= What the task requires =
Look below for the line that has "Irradiated XLPE Rolls". Set down the lines from there through the line that has "Cork office pod", exactly as written.

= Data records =
<<<<

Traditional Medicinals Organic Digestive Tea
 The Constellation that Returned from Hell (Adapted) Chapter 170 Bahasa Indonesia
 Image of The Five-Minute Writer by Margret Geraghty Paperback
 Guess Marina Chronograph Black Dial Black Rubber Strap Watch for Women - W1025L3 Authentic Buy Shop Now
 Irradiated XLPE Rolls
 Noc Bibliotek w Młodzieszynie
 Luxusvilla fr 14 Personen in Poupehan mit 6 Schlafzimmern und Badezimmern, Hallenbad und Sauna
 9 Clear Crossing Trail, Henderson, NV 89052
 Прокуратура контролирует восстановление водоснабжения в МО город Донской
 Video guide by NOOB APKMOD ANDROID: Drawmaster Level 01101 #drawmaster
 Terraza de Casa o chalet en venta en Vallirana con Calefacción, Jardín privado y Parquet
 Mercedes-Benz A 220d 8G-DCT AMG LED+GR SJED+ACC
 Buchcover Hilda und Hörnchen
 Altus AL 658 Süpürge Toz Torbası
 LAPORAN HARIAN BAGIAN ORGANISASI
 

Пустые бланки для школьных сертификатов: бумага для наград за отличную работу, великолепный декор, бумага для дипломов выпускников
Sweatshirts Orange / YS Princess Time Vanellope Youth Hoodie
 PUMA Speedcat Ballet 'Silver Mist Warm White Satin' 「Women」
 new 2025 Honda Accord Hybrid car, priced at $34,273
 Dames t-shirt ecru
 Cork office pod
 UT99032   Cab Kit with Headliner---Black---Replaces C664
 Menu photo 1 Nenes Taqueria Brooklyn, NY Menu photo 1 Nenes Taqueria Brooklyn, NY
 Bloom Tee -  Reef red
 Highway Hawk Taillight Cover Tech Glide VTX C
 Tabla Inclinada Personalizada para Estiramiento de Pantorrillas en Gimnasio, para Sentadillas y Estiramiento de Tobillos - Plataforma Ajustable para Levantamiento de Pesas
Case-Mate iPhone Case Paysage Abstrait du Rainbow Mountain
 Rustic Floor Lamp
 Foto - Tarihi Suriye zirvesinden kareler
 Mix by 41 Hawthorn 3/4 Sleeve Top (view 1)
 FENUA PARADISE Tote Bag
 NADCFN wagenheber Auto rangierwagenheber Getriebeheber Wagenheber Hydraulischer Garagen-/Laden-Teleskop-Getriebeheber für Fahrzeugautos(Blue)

>>>>

= Written response =
 Irradiated XLPE Rolls
 Noc Bibliotek w Młodzieszynie
 Luxusvilla fr 14 Personen in Poupehan mit 6 Schlafzimmern und Badezimmern, Hallenbad und Sauna
 9 Clear Crossing Trail, Henderson, NV 89052
 Прокуратура контролирует восстановление водоснабжения в МО город Донской
 Video guide by NOOB APKMOD ANDROID: Drawmaster Level 01101 #drawmaster
 Terraza de Casa o chalet en venta en Vallirana con Calefacción, Jardín privado y Parquet
 Mercedes-Benz A 220d 8G-DCT AMG LED+GR SJED+ACC
 Buchcover Hilda und Hörnchen
 Altus AL 658 Süpürge Toz Torbası
 LAPORAN HARIAN BAGIAN ORGANISASI
 

Пустые бланки для школьных сертификатов: бумага для наград за отличную работу, великолепный декор, бумага для дипломов выпускников
Sweatshirts Orange / YS Princess Time Vanellope Youth Hoodie
 PUMA Speedcat Ballet 'Silver Mist Warm White Satin' 「Women」
 new 2025 Honda Accord Hybrid car, priced at $34,273
 Dames t-shirt ecru
 Cork office pod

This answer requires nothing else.